Si existiese la máquina del tiempo y un ser del pasado, de repente, se hubiese encontrado este viernes en Pau, en plena contrarreloj del Tour y con Julian Alaphilippe, de amarillo, llegando a la plaza de Verdún, habría creído que estaba estallando la revolución en Aquitania, que los ciudadanos tomaban otra vez la Bastilla local, pero que lo hacían en paz con ellos mismos, pacíficamente y con gritos de éxtasis, de placer, de satisfacción. Increíble. Esto es la locura. Ni Bardet, ni Pinot.
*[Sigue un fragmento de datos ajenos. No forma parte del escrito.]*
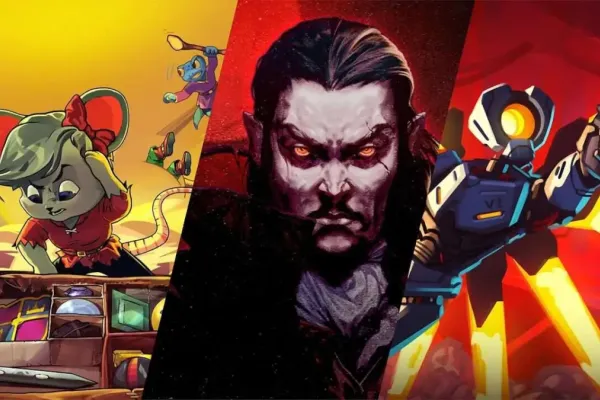 Humble Bundle Offers 7 PC Games for $13.80, Benefits Charity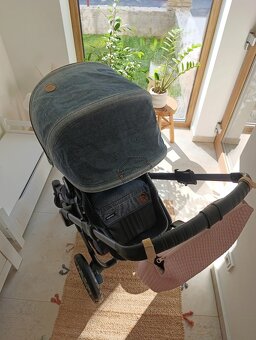 Bugaboo Buffalo diesel - 7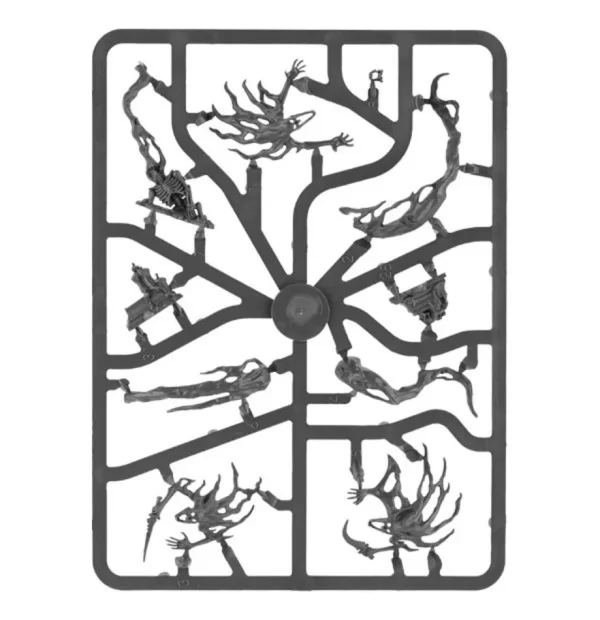 Nighthaunt: Spirit Hosts - Image 10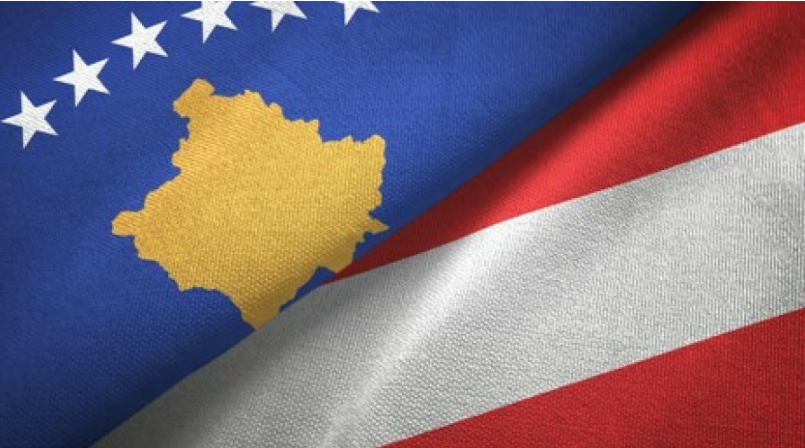Austria uron Kosovën për 18-vjetorin e Pavarësisë
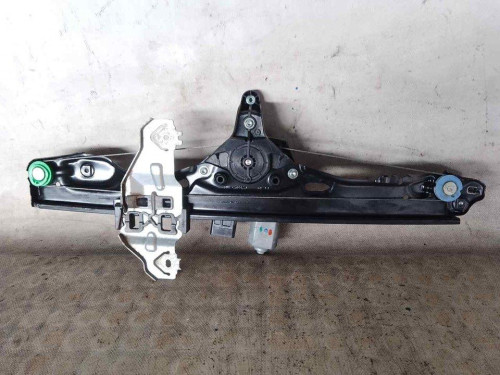ELEVALUNAS DELANTERO IZQUIERDO NISSAN PULSAR (C13M) 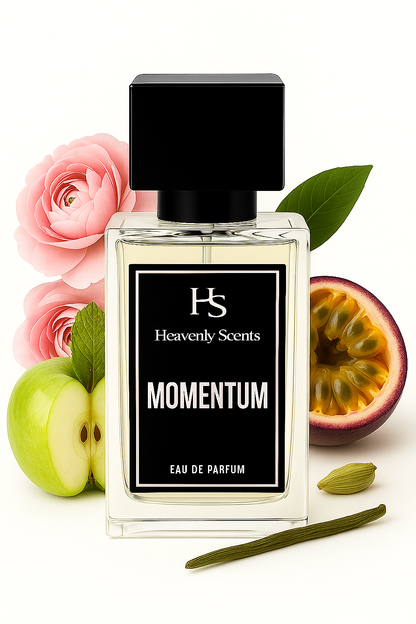 Momentum - Inspired by Hugo Boss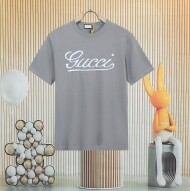 구찌 GUCCI 신상 모던 클래식 남녀 니트 반팔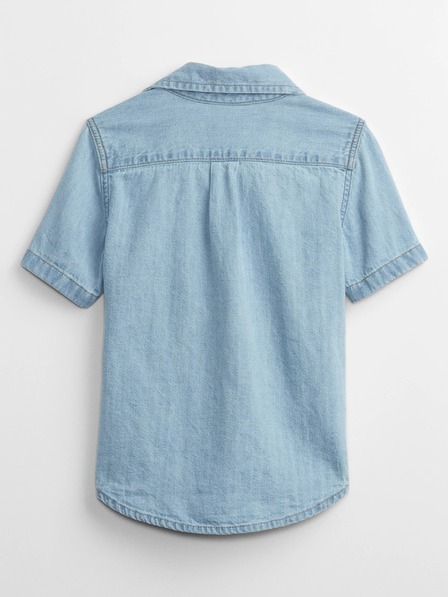 GAP Baby Jeanshemd GAP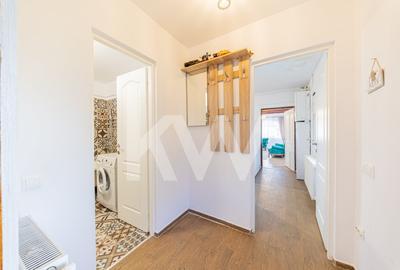 Proprietate versatila cu 2 case si garsoniera in Harman, locuinta sau investitie - 11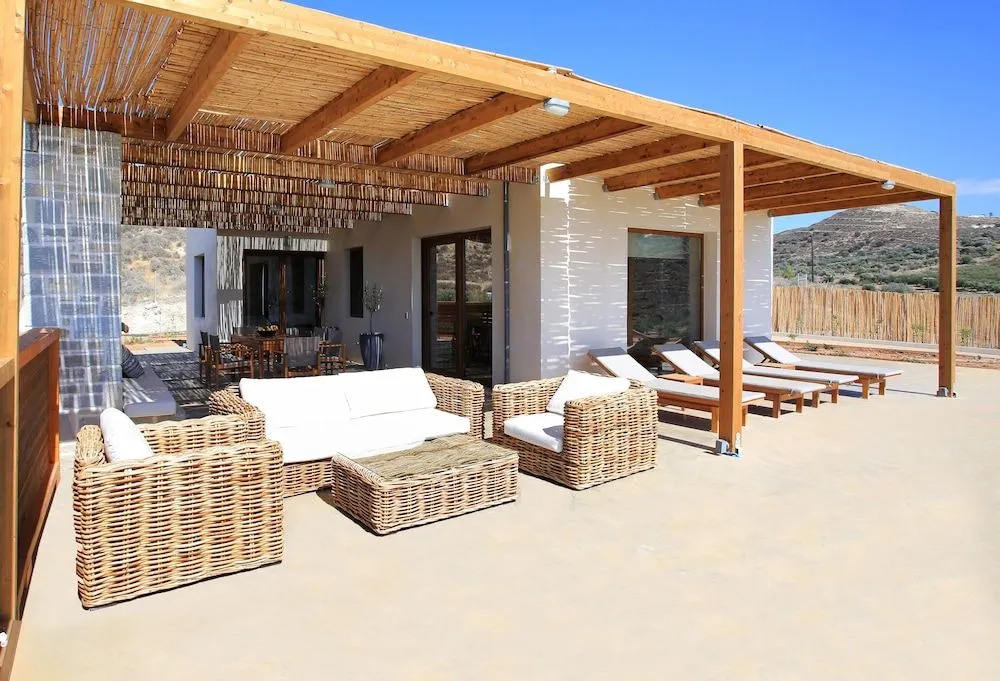 Phaestias Terra Villas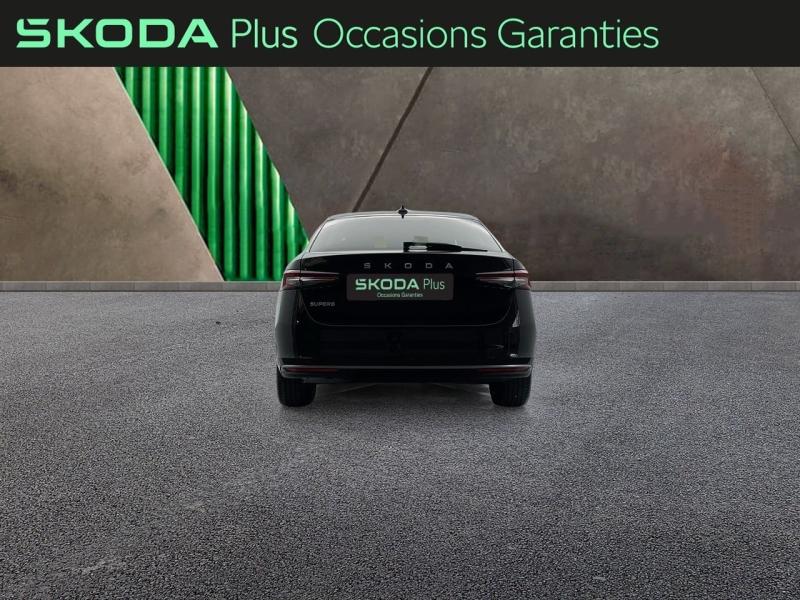 Voitures occasions ŠKODA SUPERB Laurin & Klement Orvault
Alaphilippe ya ha empezado a creerse que es capaz de ganar el Tour de Francia tras triunfar en una épica contrarreloj, la única de este año, en la que sometió a todos, incluido Geraint Thomas, y con su escudero, el tapado, el mallorquín Enric Mas, ya cuarto de la general y líder de la clasificación de los menores de 25 años.
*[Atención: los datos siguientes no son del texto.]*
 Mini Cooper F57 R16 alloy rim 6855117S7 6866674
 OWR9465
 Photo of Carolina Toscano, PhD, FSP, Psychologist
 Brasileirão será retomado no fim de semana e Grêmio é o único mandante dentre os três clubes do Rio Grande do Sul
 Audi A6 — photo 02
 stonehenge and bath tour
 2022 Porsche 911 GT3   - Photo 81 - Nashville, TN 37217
Alaphilippe ahora es el hijo que todos los franceses querrían tener. Alaphilippe, educado, sin grandes gestos, el mismo que recibía, ausente Induráin, al que se esperaba pero no se presentó, el maillot amarillo, de nuevo, de manos de Hinault y Merckx, es, en estos momentos, una caja de sorpresas, un dulce en el paladar del pueblo francés, un ciclista que va a más y que se está creyendo que sí se puede, que si uno se lo propone es capaz de escalar las más altas montañas, hoy nada menos que el Tourmalet, que nada le acompleja y que si revienta, porque es humano, porque nunca se ha prodigado como un gran escalador, que le quiten lo bailado aunque Francia, de norte a sur, llore de tristeza por la desgracia no deseada de su hijo predilecto.
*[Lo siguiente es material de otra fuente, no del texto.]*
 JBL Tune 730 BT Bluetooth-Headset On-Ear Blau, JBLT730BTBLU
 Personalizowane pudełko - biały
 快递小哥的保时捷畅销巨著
«Mañana ganas, Julian». Se lo dijo Mas, durante la fiesta en que se está conviertiendo cada cena en el equipo Deceuninck, con un francés y un mallorquín animando el Tour. Y Alaphilippe se fue a dormir creyendo, como cada noche, que despertaría al día siguiente de amarillo y que cada día que pasa es uno menos para llegar de amarillo a París. ¡Caray! «Me había preparado a conciencia para defender el amarillo pero no para ganar la etapa. El jersey me ha impulsado. Lo he dado todo. Es increíble». Y tanto que era increíble. Le chillaban a Julian desde el coche de su equipo, pero por mucho que se esforzase el director no podía escucharlo. «No podía oír nada del ruido que había». Y lo único que podía hacer era impulsarse todavía más.